TM cell proliferation in human perfusion organ cultured eyes. Detection of (A) BrdU incorporation (black arrows) or (B) Ki-67 positive cells (white arrows) in sagittal sections of the TM seven days after iPSC-TM transplantation. (C) Quantitation revealed a 2.1 and 2.5 fold increase, respectively, in the number of dividing cells in iPSC-TM treated eyes when compared to untreated contralateral control eyes. The rectangle in (A) illustrates the TM area located uveal and overlying Schlemm’s canal used for morphometric analysis.

Finally, we sought to functionally determine the effects of iPSC-TM transplantation in human POC. Aqueous humor outflow facility is a sensitive and dynamic parameter describing the functional state of the conventional outflow pathway20. It can be used clinically, but also in organ cultured eyes and we determined the outflow facility in iPSC-TM recipient and control eyes immediately prior to transplantation and 2 weeks thereafter (n = 7 pairs). Outflow rates were determined at pressures of 20 mmHg, 30 mmHg and 40 mmHg (Fig. 8). The outflow facility was then calculated based on the average outflow rate after the rates had stabilized, allowing for data collection for 30–45 minutes at each pressure.

Figure 8
figure 8

Effect of iPSC-TM on outflow facility in human perfused eyes. (A) Representative data illustrating the process of outflow facility measurements. Pressures of 20, 30, 40 mmHg (Blue line) are maintained by a computer controlled pump for one hour each. The required pump rates, corresponding to aqueous humor outflow, are recorded (green line). (B) Calculated outflow facilities in iPSC-TM treated and control eyes prior to transplantation (Day 0) and two weeks thereafter (Day 14).
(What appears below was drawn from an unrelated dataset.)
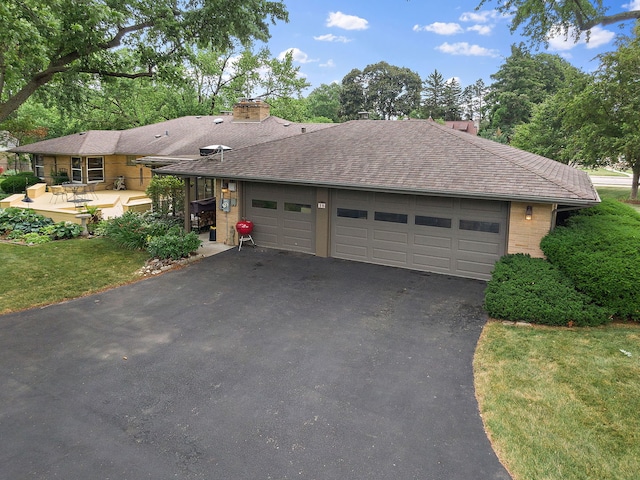 306 Wing Park Blvd, Elgin, IL 60123 - ranch-style house with a chimney, driveway, a garage, a front lawn, and a shingled roof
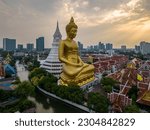 A boat was passing Big Buddha statue (Phra Buddha Dhammakaya Thepmongkhon ) in Wat Pak Nam Phasi Charoen temple located by the river during sunset.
During the 14-day period in which these normotensive eyes were maintained in organ culture we did not observe an increase in outflow facility in response to iPSC-TM transplantation. However, we did notice a stabilizing effect of iPSC-TM transplantation. In our hands, most normal human eyes exhibit outflow facilities between 0.2 and 0.4 µl/min/mmHg 4–5 days after establishing the organ culture system and the time iPSC-TM were transplanted. After two additional weeks in organ culture, the outflow facility often deviates from this range, presumably due to post-mortem decomposition of the tissue. In this experiment, 11 of 13 (84.6%) of all perfused eyes exhibited normal outflow facility prior to transplantation (5 of 6 in the control group and 6 of 7 eyes in iPSC-TM recipients, Fig. 8). Two weeks after transplantation – approximately three weeks in organ culture- only 1 of 6 eyes (16.7%) in the vehicle control group displayed normal outflow facility. In contrast 5 of 7 (71.4%) of eyes that received iPSC-TM exhibited normal outflow facility at that time (p = 0.048).


Lasting restoration of IOP control in patients with POAG holds the promise of significantly improving treatment outcomes. We have been exploring the use of iPSC derived TM-like cells for transplantation into the TM to achieve this goal. Our previous work, carried out in mice, demonstrated that iPSC from this species can be differentiated into iPSC-TM and that transplantation into the eyes of rodent models of glaucoma successfully lowers IOP and increases aqueous humor outflow facility. Herein we extend these studies and demonstrate that this cell type can also be generated from human iPSC using a similar protocol. Differentiation of human iPSC-TM proceeds at a slower rate than observed in mice, but the resulting cells are morphologically very similar to cultured primary human TM cells and express a number of TM cell markers.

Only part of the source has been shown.